Swingin’ in the Scriptorium

I had a great time in the scriptorium workshop today– what a way to start a morning!

I think it was worth more than my own entertainment, though. I ended up working on a historiated letter, trying to combine a few historical examples to come up with one I really loved, that was both interesting and traditional, both intricate and feasible. With this experience I think I have a better understanding of medieval scribes’ environment. They placed a lot of importance on copying and otherwise maintaining traditions of their craft. Still, look at the variety and expression we see in even the fraction of their work we can still see today! They knew how to fix and match, and that’s a part of what we learned today in the scriptorium.
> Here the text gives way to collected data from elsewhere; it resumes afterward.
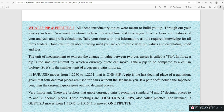The unit of measurement to express the change in value between two currencies is called a pip. In forex, a pip is the smallest amount by which a currency pair can move. So when you pick, for example, a quote like EUR/USD and it moves from 1.2250 to 1.2251, that is one pip — there has been a change from 1.2250 to 1.2251.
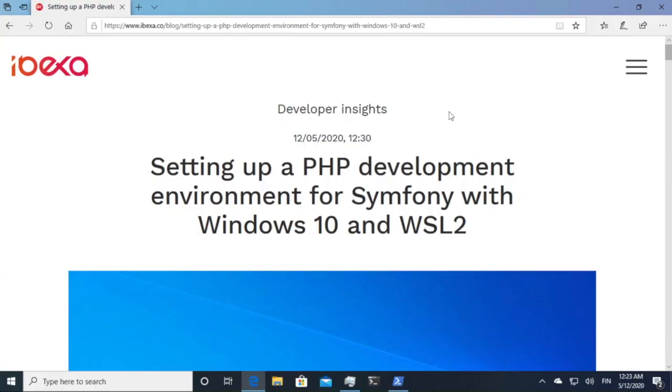Hello and welcome to this brief video on how to set up a PHP development environment for Symfony using Windows 10 and WSL2.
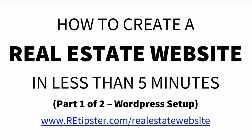Hey there, this is Seth from the REtipster blog. When I first got into real estate investing, I had no idea how to build websites. It was one of the last things that I could possibly manage to pull off.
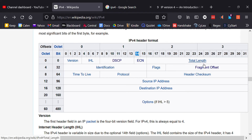The next field is the Total Length, which is the length of the entire datagram. It's 16 bits, so 2 to the 16th — the maximum is around 65,000 bytes.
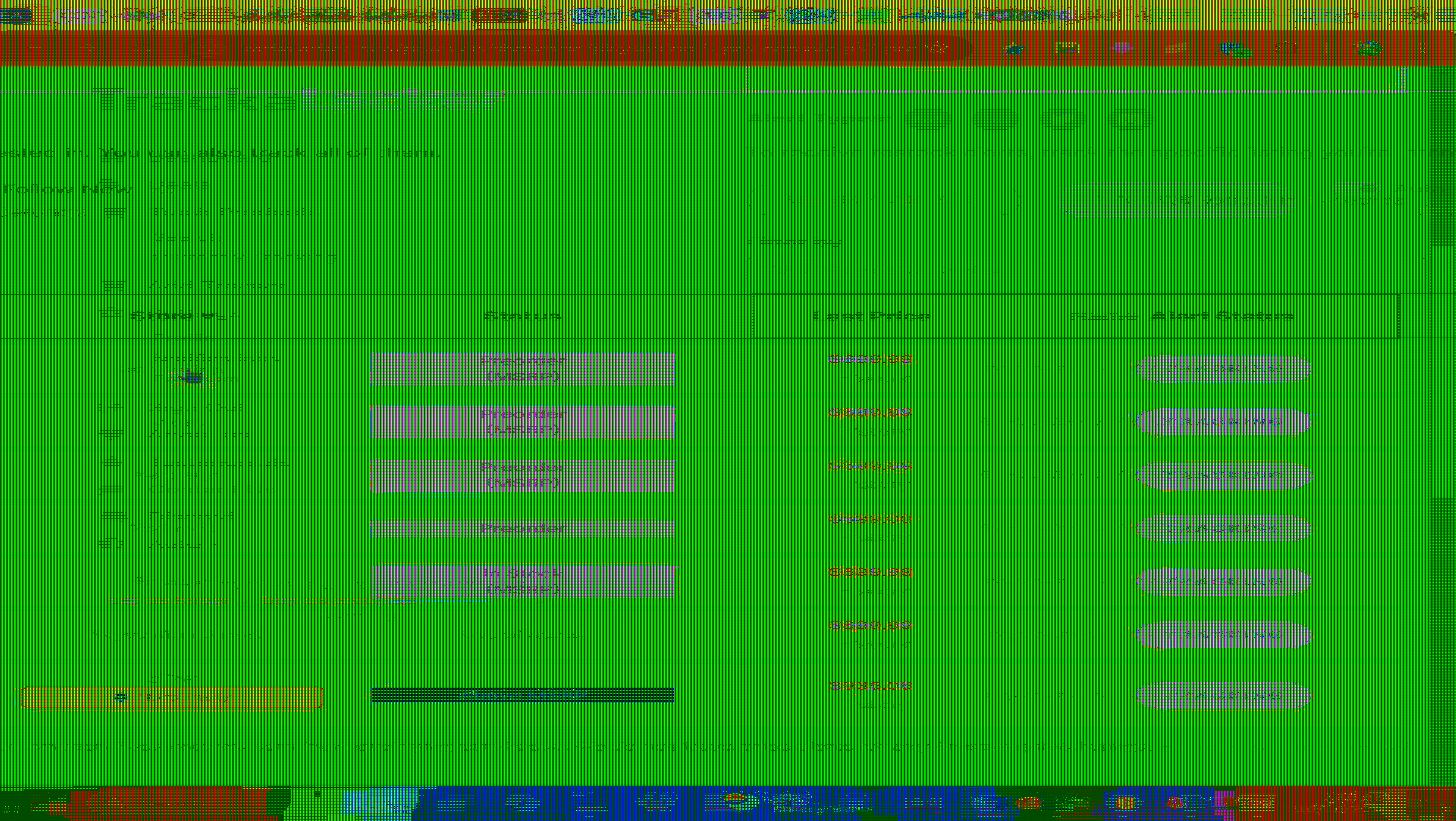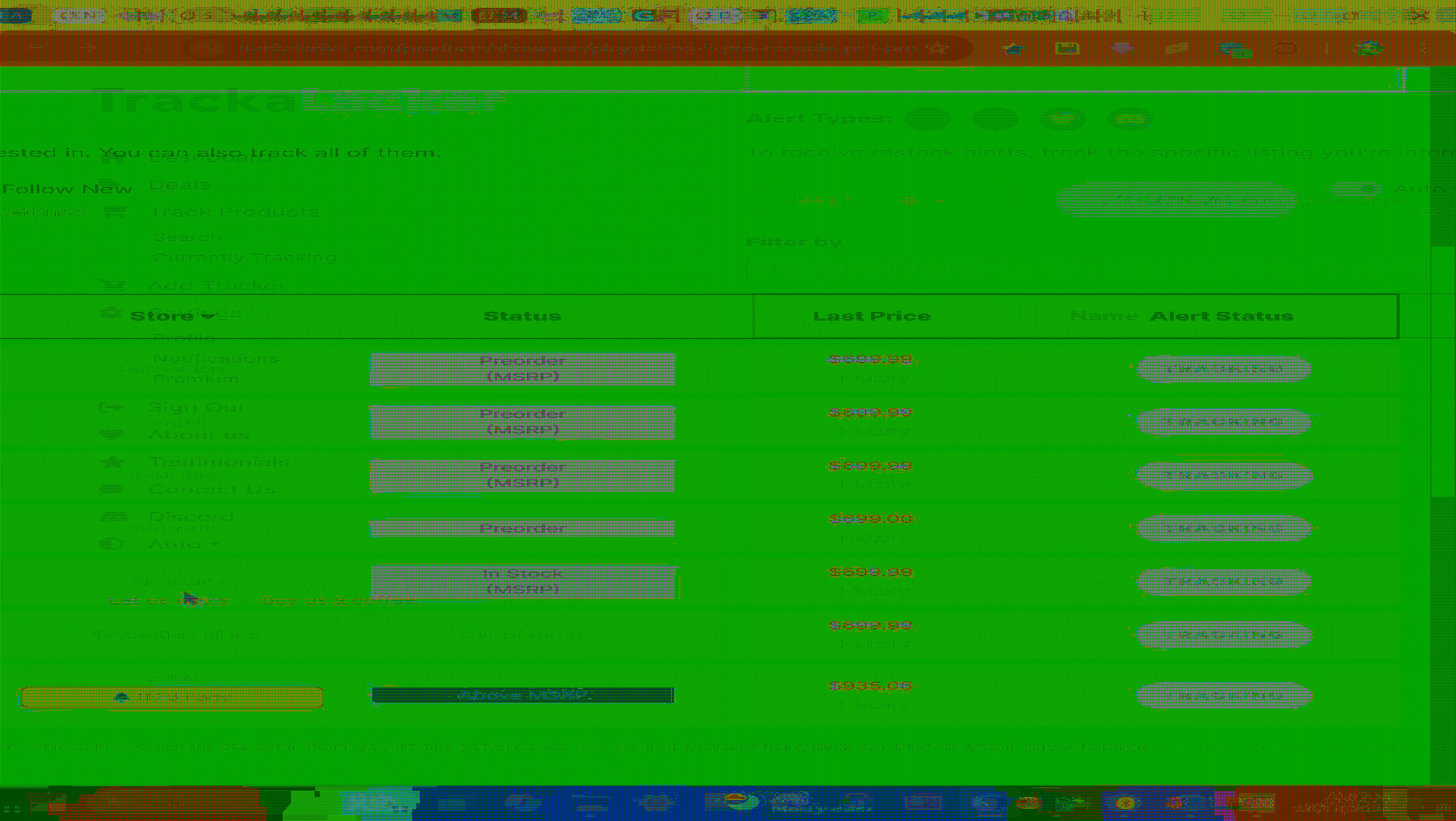So here, the participating retailers: GameStop, Target, Best Buy, Walmart, Amazon. Unfortunately, it's sold on PlayStation Direct, but it doesn't matter. So let's take a look. Here we have on GameStop. It's available right now, the pre-order. $699.99, that's MSRP in U.S. dollars.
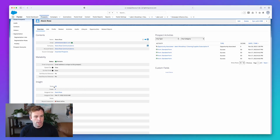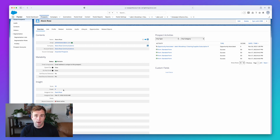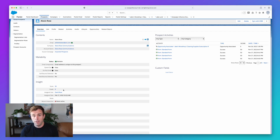Let's look at Pardot here. I've pulled up a prospect record. If you look under Insight, we've got a score of 50 and a grade of B. So the score is a number, the grade is a letter. The score, shorthand, is an indication of how interested they are in you — how much are they interacting with your marketing materials, your website, your emails? The grade is more of an indication of how interested you are in them. How good of a fit are they for your business? Do they meet your standard ideal profile? Maybe that's a job title, a location, or the size of the organization. Those sorts of data points about that person will contribute to their grade.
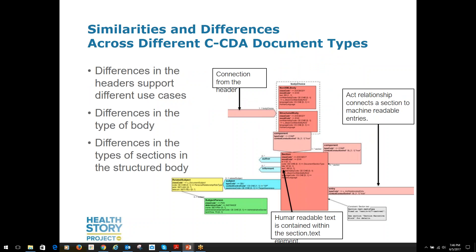The 12 document templates share a fairly similar header, though some of the document types have an encounter-focused context and others do not. One document defines an unstructured document, which uses the non-XML body option. The other documents have structured bodies, but the section content differs from one document type to another. Some of the sections additionally have machine-readable entries defined, making it possible to encode the human-readable information in each section using a more machine-friendly format.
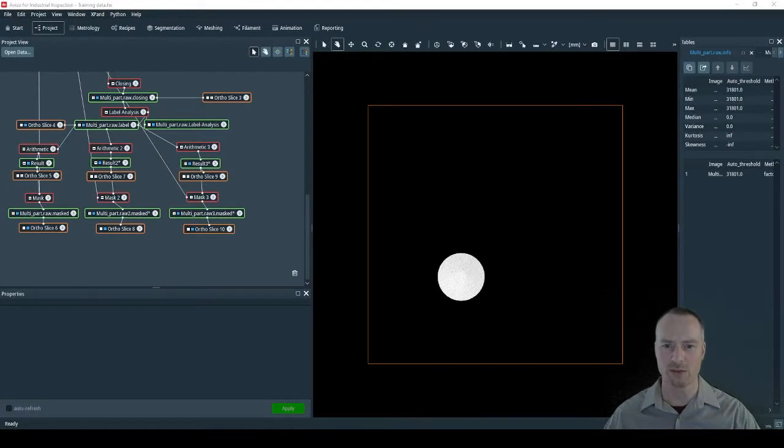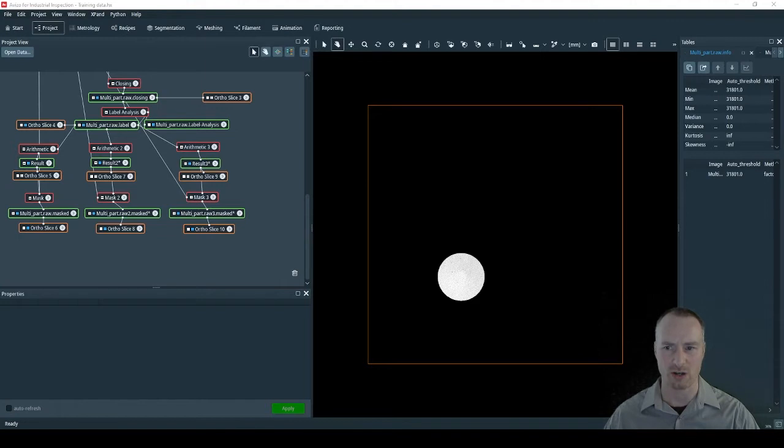We now have all three components separated and we can start analyzing the prosody associated with each component. First we will be considering component one.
On a more concrete note, we also got a lot of hands-on experience mixing paints, sketching, and inking that brought us closer to the scribes we’re studying. We faced questions like “how do I make this T symmetrical?” and “what do I do now that the muller is stuck again?” that force you to put more thought into the process of an illuminated manuscript than you might just looking at one for content.

2 Replies to “Swingin’ in the Scriptorium”

  1. Hi Julia,

    I really like your point that the hands on experience of making a historiated letter brought up challenges I wouldn’t even think about when reading about the art itself. Being involved with the process itself, even just doing a single letter, made me realize how much effort goes into the smallest of illustrations. It gave me a new perspective as to just how impressive the manuscripts we’ve been looking at are.

  2. Julia,

    I totally agree with you about the ways in which this workshop revealed the intricacies of the process of illumination. You point out that elements need to be symmetrical, fixed, matched, and copied from traditional techniques as accurately as possible. Something I find interesting about historiated letters and some illuminated manuscripts is that while this base requirement for uniformity in proportions is important, there is also room for creative spontaneity. I suppose, being hundreds of years removed from the creation of these manuscripts, it’s difficult to know what is planned and what is random or experimental. But the way that nature and design curls into the spaces of the letters and marginalia seems to be, as you also pointed out, a product of self-expression.